Almost the worst of it for me is that apparently it is mostly old people who show up to support Donald Trump. That is embarrassing.
It would be easy to rant on but I'll leave it at that today and you may have your say below.
But first, to clear our collective palate, here is a lovely poem about growing old by Wendell Berry that TGB reader Tom Delmore emailed. It is titled, The Blue Robe published in “New Collected Poems” in 2012.

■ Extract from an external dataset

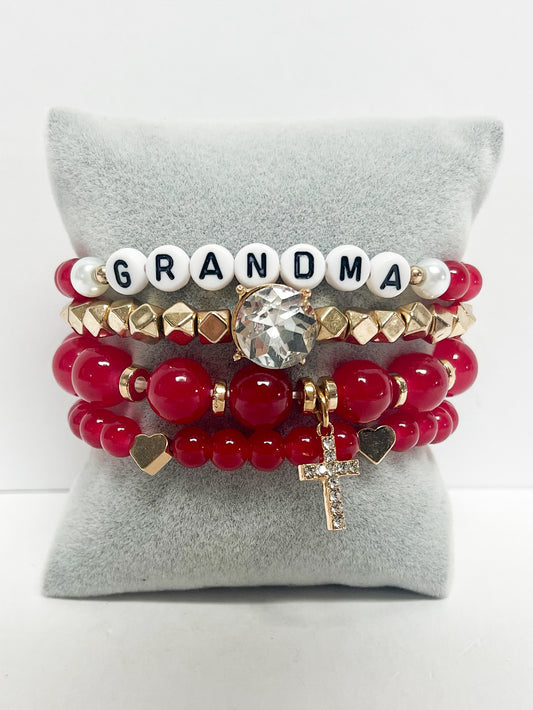 Layered grandma stretch bracelet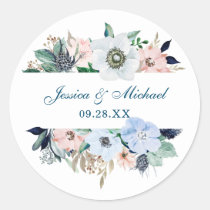 Watercolor Floral Elegant Bouquet Blue Wedding Classic Round Sticker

How joyful to be together, alone
as when we first were joined
in our little house by the river
long ago, except that now we know
each other, as we did not then;
and now instead of two stories fumbling
to meet, we belong to one story
that the two, joining, made. And now
we touch each other with the tenderness
of mortals, who know themselves:
how joyful to feel the heart quake
at the sight of a grandmother,
old friend in the morning light,
beautiful in her blue robe!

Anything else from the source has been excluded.